1949'un ortalarında Yves, yönetmen Marc Allegre'nin karısı aktris Simone Signoret ile bir araya geldi. Tutkulu duygular alevlendi. Ancak iki yıl daha kadın eski evliliği bozmaya cesaret edemedi. Ve sadece 51'de Cote d'Azur'da bir düğün oynadılar. Yves, Simone'un kızını ilk evliliğinden evlat edindi ve karısının ölümüne kadar hiç ayrılmadılar. Eş, sıcak İtalyan duygularını yatıştırmasa da. Simone, özellikle saklamadığı birçok romanı affetmek zorunda kaldı.
Marilyn Monroe ile bir ilişkiden sonra, evlilik neredeyse dağıldı, ancak sağduyu hala geçerliydi. Simone 1985'te öldü. Evlatlık kızı dışında birkaç çocuğu yoktu.
Karısının ölümünden sonra, yorulmaz maço kişisel yaşamında son akor izledi.

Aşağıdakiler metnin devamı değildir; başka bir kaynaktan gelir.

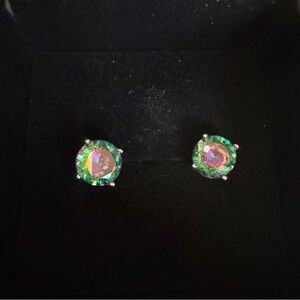 Mystic Topaz stud earrings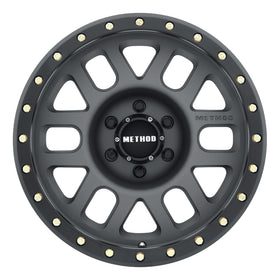 Method MR309 Grid 17x8.5 0mm Offset 6x5.5 108mm CB Titanium/Black Street Loc Wheel - 0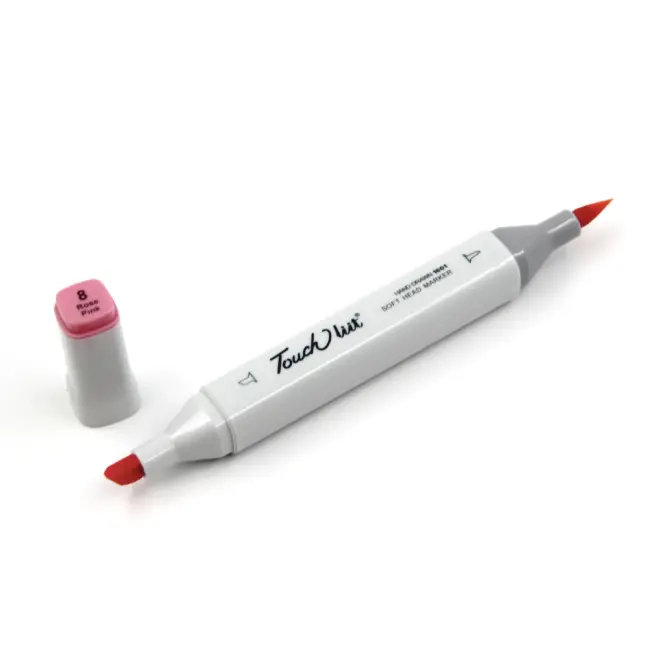 Touchliit Çift Taraflı Marker Kalem Rose Pink R8 - 1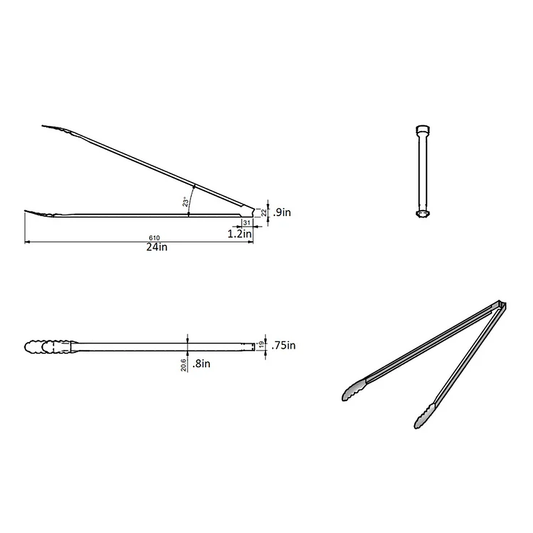 Tongs, Stainless Steel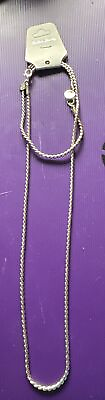 #ad Sterling Silver 925 Necklace And Bracelet Set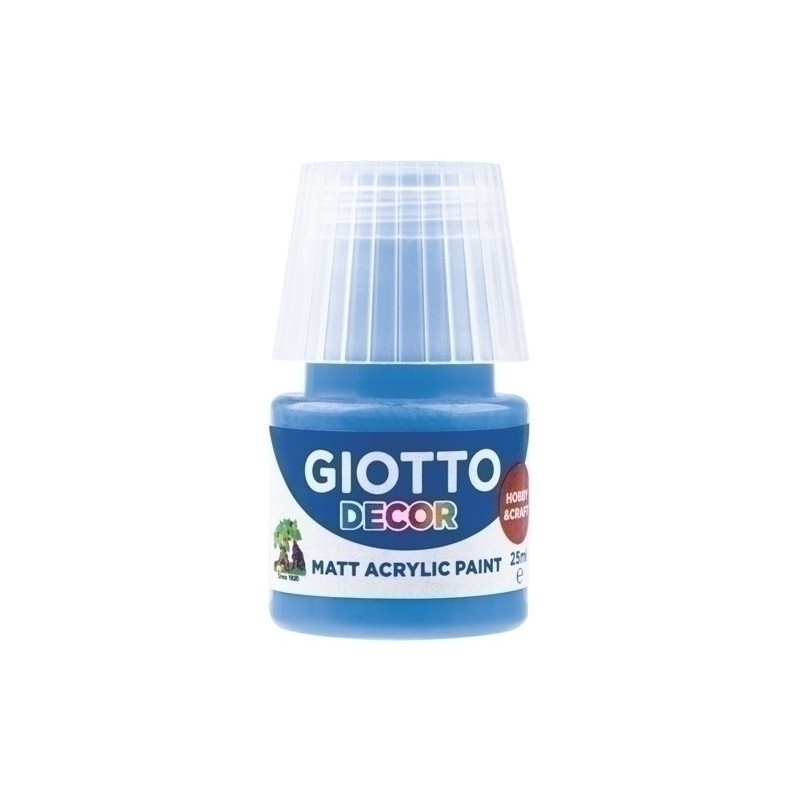 F538115-PINTURA ACRIL.GIOTTO 25 ml AZUL CYAN precio por 6 unidades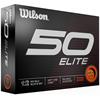 Wilson 50 ELITE Golf Balls Dozen  Orange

Genç sekreteriyle evlendikten sonra şarkıcı sonunda baba oldu. İkinci karısı ona bir oğul verdi, Valentine. İlk başta, baba böyle bir hediyeden pek memnun değildi, ancak her yerde bulunan basın onu hızla "ikna etti". Yaşlı oyuncu son yıllarını sakin bir aile ortamında geçirdi.
Ünlü şarkıcı ve oyuncunun mezarı, Simone'un yanındaki Fransız Père Lachaise mezarlığında bulunuyor. Edith Piaf da orada gömülü. Taklit edilemez Yves Montana'nın iki büyük aşkı.